The operation may take a few seconds to be completed.
Do you want to proceed? (Y/N): y
OK! The most frequent words in ceb.txt were transformed into CSV format...
OK! The most frequent words in tgl.txt were transformed into CSV format...
The austronesian language family has been updated.
OK! The most frequent words in cym.txt were transformed into CSV format...
OK! The most frequent words in gla.txt were transformed into CSV format...
OK! The most frequent words in gle.txt were transformed into CSV format...
The gaelic language family has been updated.
OK! The most frequent words in dan.txt were transformed into CSV format...
OK! The most frequent words in deu.txt were transformed into CSV format...
OK! The most frequent words in eng.txt were transformed into CSV format...
OK! The most frequent words in isl.txt were transformed into CSV format...
OK! The most frequent words in nld.txt were transformed into CSV format...
OK! The most frequent words in nob.txt were transformed into CSV format...
OK! The most frequent words in swe.txt were transformed into CSV format...
The germanic language family has been updated.
OK! The most frequent words in fra.txt were transformed into CSV format...
OK! The most frequent words in ita.txt were transformed into CSV format...
OK! The most frequent words in por.txt were transformed into CSV format...
OK! The most frequent words in ron.txt were transformed into CSV format...
OK! The most frequent words in spa.txt were transformed into CSV format...
The romance language family has been updated.
OK! The most frequent words in ces.txt were transformed into CSV format...
OK! The most frequent words in pol.txt were transformed into CSV format...
The slavic language family has been updated.
OK! The most frequent words in bul.txt were transformed into CSV format...
OK! The most frequent words in hrv.txt were transformed into CSV format...
OK! The most frequent words in rus.txt were transformed into CSV format...
The slavic language family has been updated.
OK! The most frequent words in fin.txt were transformed into CSV format...
OK! The most frequent words in hun.txt were transformed into CSV format...
The uralic language family has been updated.
OK! The words in slavic.csv were successfully read...
OK! cyrillic-fingerprint.csv was successfully written...
Operation completed.
OK! The words in austronesian.csv were successfully read...
OK! The words in gaelic.csv were successfully read...
OK! The words in germanic.csv were successfully read...
OK! The words in romance.csv were successfully read...
OK! The words in slavic.csv were successfully read...
OK! The words in uralic.csv were successfully read...
OK! latin-fingerprint.csv was successfully written...
Operation completed.

The cli/prepare.php command calculates some statistics: the fingerprint of the language families, which is a disjointish set containing the most frequent words expected to be found in each family of languages.

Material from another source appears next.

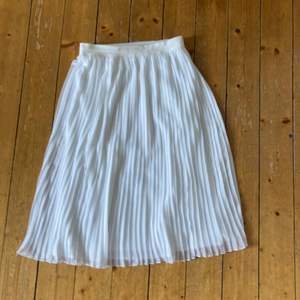 världens sötaste kjol säljes pga viktuppgång💔😓 bara använd en gång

Example: babylon/dataset/output/latin-fingerprint.csv

romance,i de la que a el no l un una en d per tom amb els les à et le je il une du des nous e di che non si in è era ma con o da se um os uma do em as com não na cu pe ca sa n ce i din nu y los su las por del

Now, going back to the title of this post, have you ever needed to count the number of times that a particular Unicode block is used in a string or text for frequency analysis purposes? Babylon can detect alphabets because it relies on Unicode Ranges which is a PHP tool to work with Unicode blocks in a friendly, object-oriented way.

Unicode Ranges might help you achieve your goal as well; it is useful if you need to know if a given character belongs to this or that Unicode block.

Char Belongs To
a BasicLatin
Ξ GreekAndCoptic
Ӝ Cyrillic
CJKRadicalsSupplement

A bit more specifically, this is the babylon/src/Unicode.php file that calculates the number of times that the Unicode ranges appear in a text.

namespace Babylon;

use Babylon;
use UnicodeRanges\Converter;

/**
 * Unicode class.
 *
 * @author Jordi Bassagañas <info@programarivm.com>
 * @link https://programarivm.com
 * @license MIT
 */
class Unicode
{
     const N_FREQ_UNICODE_RANGES = 10;

    /**
     * Text to be analyzed.
     *
     * @var string
     */
	protected $text;

	/**
     * Unicode ranges frequency -- number of times that the unicode ranges appear in the text.
     *
     * Example:
     *
     *      Array
     *      (
     *         [Basic Latin] => 25
     *         [Cyrillic] => 14
     *         [CJK Unified Ideographs] => 12
     *         [Arabic] => 9
     *         [Hangul Syllables] => 5
     *         [Hiragana] => 3
	 *          ...
     *      )
     *
     * @var array
     */
	protected $freq;

	/**
     * Constructor.
     *
     * @param string $text
     */
	public function __construct(string $text)
	{
		$this->text = $text;
	}

	/**
     * The most frequent unicode ranges in the text.
     *
     * @return array
     * @throws \InvalidArgumentException
     */
	public function freq(): array
	{
		$chars = $this->mbStrSplit($this->text);
		foreach ($chars as $char) {
			$unicodeRange = Converter::unicode2range($char);
			empty($this->freq[$unicodeRange->name()])
				? $this->freq[$unicodeRange->name()] = 1
				: $this->freq[$unicodeRange->name()] += 1;
		}
		arsort($this->freq);

		return array_slice($this->freq, 0, self::N_FREQ_UNICODE_RANGES);
	}

	/**
     * The most frequent unicode range in the text.
     *
     * @return \UnicodeRanges\AbstractRange
     * @throws \InvalidArgumentException
     */
	public function mostFreq(): string
	{
		return key(array_slice($this->freq(), 0, 1));
	}

	/**
     * Converts a multibyte string into an array of chars.
     *
     * @return array
     */
	private function mbStrSplit(string $text): array
	{
		$text = preg_replace('!\s+!', ' ', $text);
		$text = str_replace (' ', '', $text);

		return preg_split('/(?<!^)(?!$)/u', $text);
	}
}

Converter::unicode2range($char) is the one converting the characters into their object-oriented, Unicode block counterpart.

And here is a test to show how to get information about the characters used in a string.

namespace Babylon\Tests\Unit\Unit;

use Babylon\Unicode;
use PHPUnit\Framework\TestCase;

class UnicodeTest extends TestCase
{
    /**
     * @test
     */
    public function freq()
    {
        $text = '律絕諸篇俱宇宙古今مليارات في мале,тъйжалнопе hola que tal como 토마토쥬스 estas tu hoy この平安朝の';
        $expected = [
            'Basic Latin' => 25,
            'Cyrillic' => 14,
            'CJK Unified Ideographs' => 12,
            'Arabic' => 9,
            'Hangul Syllables' => 5,
            'Hiragana' => 3,
        ];

        $this->assertEquals($expected, (new Unicode($text))->freq());
    }

    /**
     * @test
     */
    public function most_freq()
    {
        $text = '律絕諸篇俱宇宙古今مليارات في мале,тъйжалнопе hola que tal como 토마토쥬스 estas tu hoy この平安朝の';

        $this->assertEquals('Basic Latin', (new Unicode($text))->mostFreq());
    }
}

That’s it for now. I hope you’ll find the code self-explanatory. Thank you for reading this post, I hope you liked it.